Paralel yapı; devlet içinde devlet gibi örgütlenen, ast-üst ilişkileri, işe alım kriterleri, yükselme parametreleri, en önemlisi meşruiyet ve bağlılık odakları farklı olan bir oluşumu tarif ediyor.
Hukuk düzeni içerisinde bir devlet içerisinde var olanların sadakatinin başta anayasa ve yasalara olması gerekli. Ayrımsız tüm vatandaşların refahının temel öncelik olması öngörülür. Bu kişilerin nasıl yükseleceklerinin, nasıl atanacaklarının da yasalar çerçevesinde belirlenmesi beklenir.
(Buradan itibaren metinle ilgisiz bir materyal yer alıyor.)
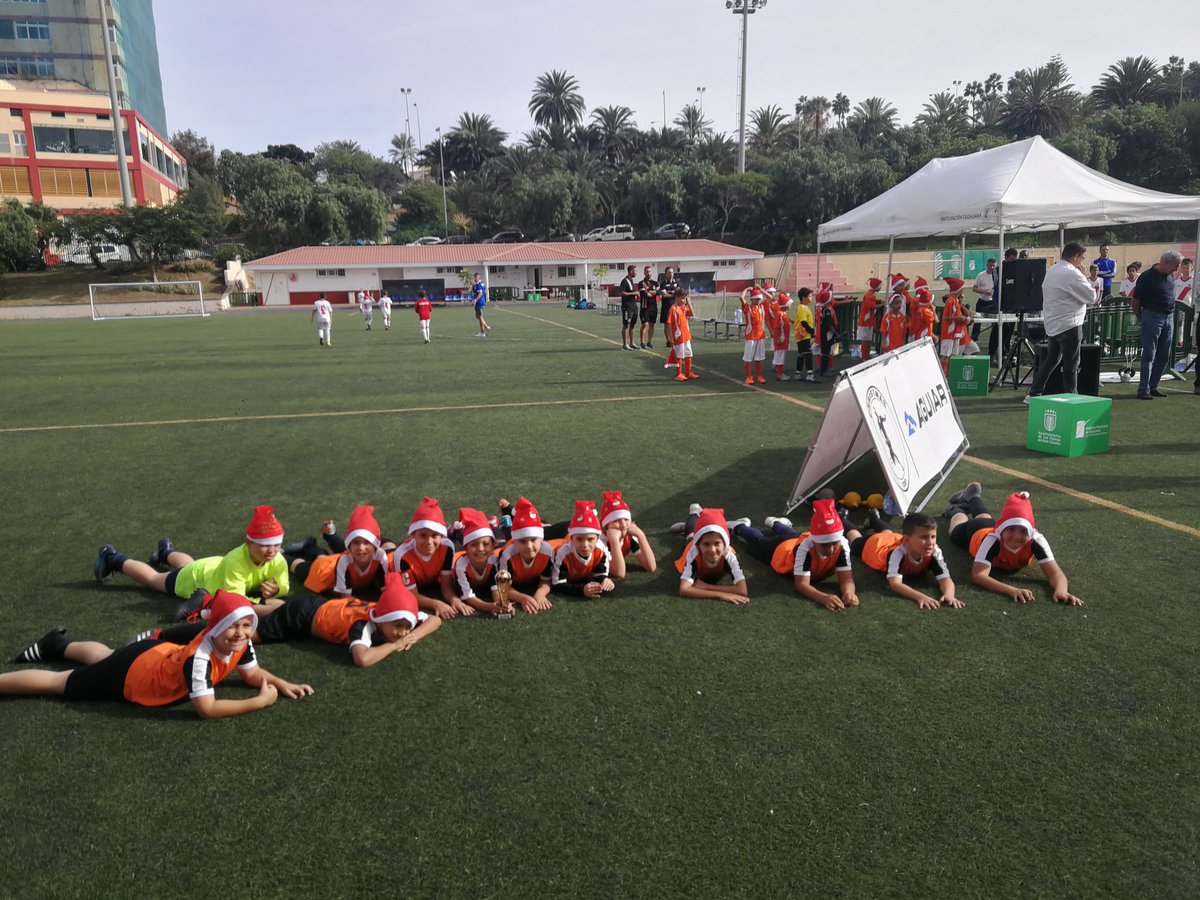 Nuestro Benjamin C gana la final de consolación y se proclama como tercer clasificado en el Torneo Benéfico Benjamin organizado por <a href="/AguiarCup2017/">IOC Christmas Cup 2018</a>. Agradecidos por el trato recibido y por la invitación, excelente organización.
#SomosPiletas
FETÖ’de bir subayın cemaatteki abisi astsubaydan emir aldığını, terfilerin de ordudaki liyakate göre değil cemaatteki önceliklere göre belirlendiğini gördük.
15 Temmuz’dan sonra bu yapının üzerinden olması gerektiği gibi silindir ile geçilirken o silindirin altında hiç ilgisi olmayanlar da kaldı. Hatta maslahat gereği FETÖ ile hiç ilgisi olmayanların muhalif olanlar kasıtlı şekilde aynı torbaya atıldı.
FETÖ paralel devlet yapılanmasının tasfiyesinin, devlette bundan sonra benzer yapılara izin verilmemesi değil başka paralel yapılara alan açmak için yapıldığı algısını son dönemdeki açıklamalardan, yazılardan anlamak mümkün.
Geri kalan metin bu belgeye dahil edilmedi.